Suffice it to say ... its seems as if some extra rails and ties being laid (for the moment in vain) is not a world ending state of affairs. I too wish it was being used right now but I also acknowledge that it seems "unlikely" at the moment. A few years ago "improbable" would have been a better description and a decade ago "impossible" would have seemed more than fair.

Poland Spring is far more interested in rail shipping now than they ever have been and if any customer is ever going to see this line reactivated I'm pretty sure they are "the one". The pellet mill would have been nice but Poland Spring has far more volume to offer.
 #1445713  by F-line to Dudley via Park
 
No, there isn't enough volume in the world to pay back that cost. Start applying some common-sense cost/benefit numbers to this wishful thinking. There's a ceiling for how much revenue PS can feasibly move through carloads out of Fryeburg, and that ceiling--while impressive as a potential new sign-on--is still considerably less than Maine's largest single freight customers at the paper mills. So let's dispense with the notion that that a for-profit company is going to cherish rail so much that it's willing to take multi-decade losses on amortizing the costs of restoring 45 miles of track. Minimally operable 263K-or-less Class 1 track won't cut it. You can't do a round-trip from Portland in a single crew shift at sub- 10 MPH, unlike the mills there's not going to be enough yard space in Fryeburg to shuffle carloads between multi-day round trips, and you need 286K weights for running boxcars or containers packed to the gills with liquid. So forget about any of the lowball rehab estimates from the '07 Mountain Div. Study being re-projected to 2019 dollars. Almost none of the existing hardware--85 lb. rail, ties, crossing surfaces--is going to be reusable when a weight uprate is required, and about 20 bridges are going to need some form of light to heavy upgrades. Even if you try to thread the needle at tippy-top Class 1, for keeping tolerable speeds every crossing will need active protection and the portions of ROW that have rail-with-trail alongside are going to need security fencing. But really, it's hard to see such severe service compromises pointing to paydirt in starting the restoration...so it just doesn't happen unless you spring for Class 2 track right away.

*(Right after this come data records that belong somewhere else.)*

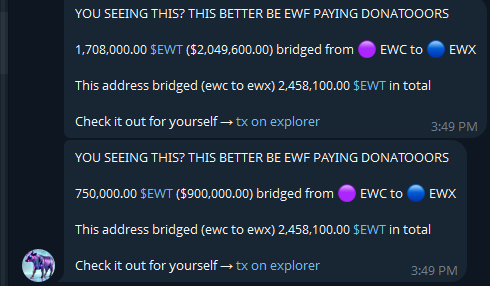 EWF lifting some $EWT to EWX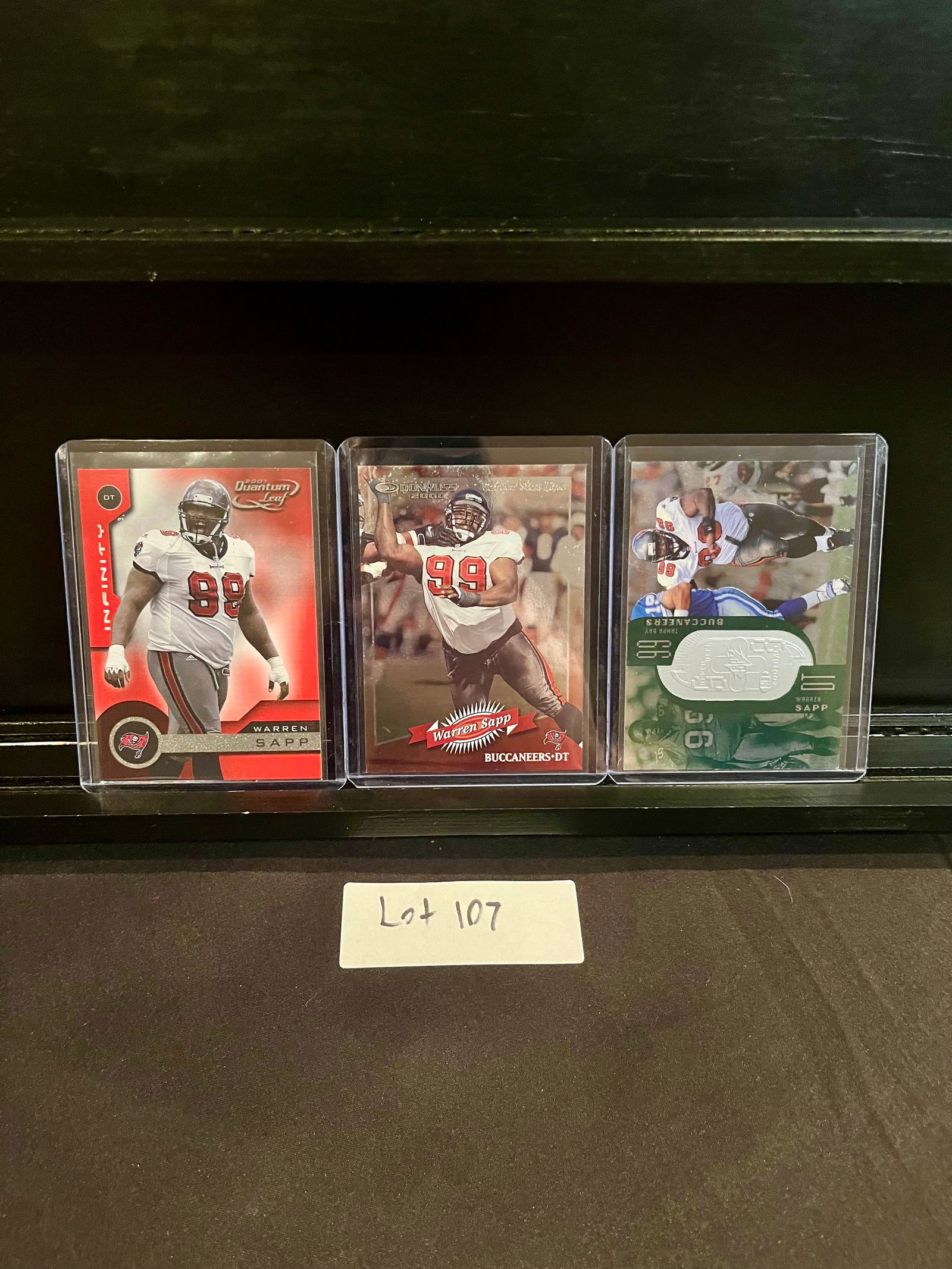 Warren Sapp (3) Football Insert Card and Short Print Lot - Serial Numbered (1 of 4)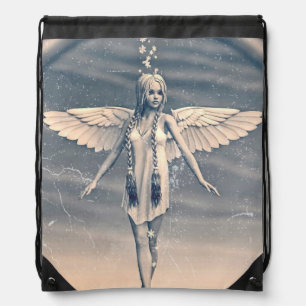 Vintage Guardian Angel Rainbow Art Drawstring Bag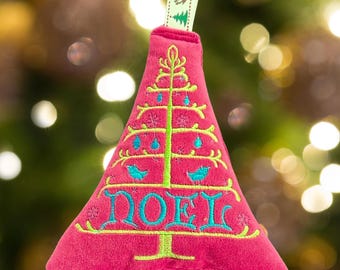 Weihnachtsdekoration, altrosa Samt bestickter Baumschmuck, versandfertig.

You're now spending a cool $2M per mile with all the structures that need to be upgraded to give PS any sort of throughput it can grow with, and sailing north of $90M with any unforeseen cost overruns pushing it into 9 figures. Can you honestly count revenue from PS that's going to amortize such an extreme up-front investment? Don't say "you never know..."; plot it out. How many years of carload revenues would it take to pay off that investment? Where does that money converge on the plot? And then wrack your brains for comparisons with any other for-profit customers of similar carload size and whether they've found that cost/benefit threshold worth going for.


PS is big...but they're nowhere near that big at any one location to float this. It's not wishful thinking; it's stark, hard math.
 #1445801  by gokeefe
 
F-line,

To the best of my knowledge ... Including some in person ... The rail is 112# or better ... Could be less in some parts but I have yet to see it.

Also the corridor is owned by MaineDOT, Poland Spring would not be paying for the improvements.

I think you've got a much better case to make for the idea that the necessary crossing improvements will be too expensive than any other factor.